RI News Portal. Jakarta 25 Juli 2025 – Pemerintah Indonesia menyatakan komitmennya untuk membangun kembali permukiman bagi 1.500 pengungsi terdampak konflik sosial di Kabupaten Maybrat, Papua Barat. Inisiatif ini diumumkan oleh Menteri Hak Asasi Manusia (MenHAM) Natalius Pigai dalam konferensi pers di Jakarta, Jumat (25/7/2025), sebagai bagian dari upaya pemulihan pascakonflik dan pemenuhan hak dasar warga negara.
Menurut Natalius Pigai, rencana pembangunan ini tidak hanya mencakup hunian fisik, tetapi juga akan dilengkapi dengan layanan dasar seperti pendidikan, kesehatan, serta akses terhadap sarana dan prasarana umum lainnya. “Pembangunan permukiman untuk ribuan pengungsi ini akan mengedepankan layanan, sarana dan prasarana hingga fasilitas pendidikan serta kesehatan,” jelas Pigai.

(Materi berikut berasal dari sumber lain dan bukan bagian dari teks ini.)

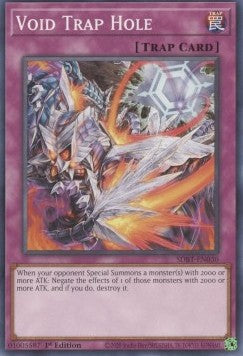 Void Trap Hole⁣ - Structure Deck: Beware of Traptrix⁣ (Common)⁣ [030]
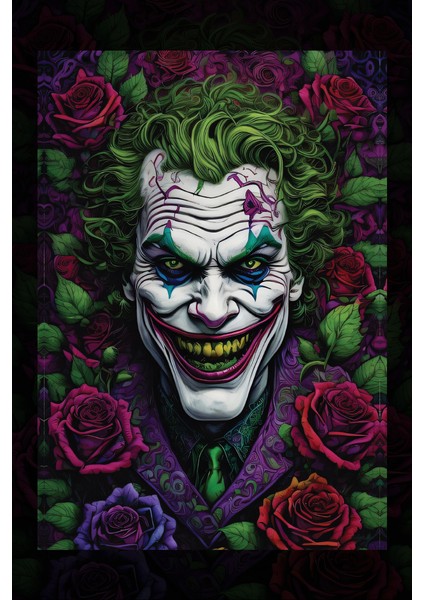 Güller Arasında Joker Kanvas Tablo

Dalam pelaksanaannya, pembangunan permukiman tersebut akan melibatkan Kementerian Perumahan dan Kawasan Permukiman (PKP) dan sejumlah lembaga pemerintah lainnya. Namun demikian, Pigai menyatakan bahwa rincian pelaksanaan teknis dan alokasi anggaran baru akan disampaikan pada tahun 2026 setelah proses pengajuan anggaran penanganan konflik sosial diajukan dan disetujui oleh pemerintah pusat.

“Kalau kami sudah punya anggaran penanganan konflik sosial, nanti disiapkan. Mereka ini akan menjadi perhatian khusus pemerintah kabupaten, provinsi, dan Kementerian HAM ikut memfasilitasi,” ujar Pigai.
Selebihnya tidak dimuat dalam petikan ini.